For most of the Hong Kong DTAs, “resident of Hong Kong” is defined to include a company incorporated in Hong Kong and any other person constituted under the laws of Hong Kong. An exception being the Hong Kong/Japan DTA, under which “resident of Hong Kong” is defined as a company or any other person having a primary place of management and control in Hong Kong.

There is also a note on the IRD’s website indicating that an applicant incorporated or established in Hong Kong is in general not required to provide full details of its establishment and business activities in the HK CoR application form.

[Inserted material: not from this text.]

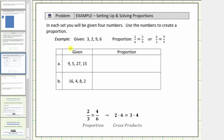Welcome to a lesson on proportions. A proportion is formed by setting two equivalent rates or ratios equal to each other. Looking toward the bottom of the screen, because the ratio of two to three is equivalent to the ratio of four to six, this is a proportion. We can also say this is a proportion because the fractions two-thirds and four-sixths are equivalent.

Major changes to the HK CoR application forms

With effect from 12 June 2023, the HK CoR application forms for non-individual applicants (i.e. company, partnership, trust, body of persons) have been revised to:

  • reflect the above change in the IRD’s approach to issuing HK CoR; and 
  • formalise the existing administrative facilitation measures with respect to HK CoR applications under the DTA between Hong Kong and the Mainland (CN/HK DTA) and relating to the Circular of the State Taxation Administration on Matters Concerning “Beneficial Owners” in Tax Treaties (STA Circular 2018 No. 9).

Under the IRD’s existing administrative facilitation measures, a bundled HK CoR application can be made to cover (i) the treaty benefit applicant (e.g. the Hong Kong SPV that is the immediate recipient of the dividends from the Mainland) and its ultimate / intermediate 100% shareholder(s) under the “safe harbor rule”, (ii) the treaty benefit applicant and its ultimate 100% shareholder that qualifies as a beneficial owner of the dividends under the “same jurisdiction rule” or (iii) the treaty benefit applicant and its intermediate 100% shareholder(s) under the “same treaty benefit rule” under STA Circular 2018 No. 9.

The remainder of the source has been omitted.